### WORK REQUEST
Return the data exactly, without pictures.

### THE DATA
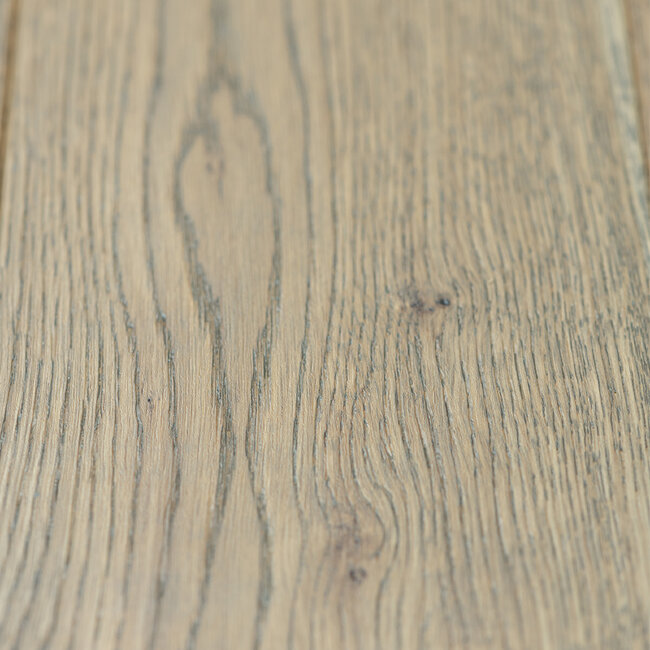 Инженерная доска Legend Дуб Arizona Аризона Select UV-лак 110х12,5 мм Инженерная доска Legend Дуб Arizona Аризона Select UV-лак 110х12,5 мм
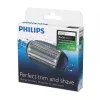 Philips Bodygroom asendusfoolium TT2000/43 Veekindel asendusfooliumist pardlipea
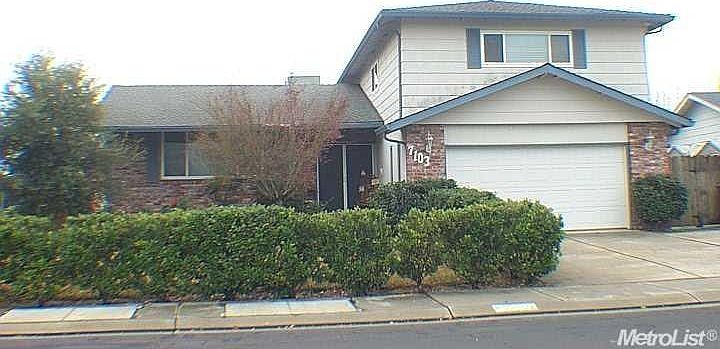 1st image of 7103 Southfield Way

### ANSWER SPACE
 Инженерная доска Legend Дуб Arizona Аризона Select UV-лак 110х12,5 мм Инженерная доска Legend Дуб Arizona Аризона Select UV-лак 110х12,5 мм
 Philips Bodygroom asendusfoolium TT2000/43 Veekindel asendusfooliumist pardlipea
 1st image of 7103 Southfield Way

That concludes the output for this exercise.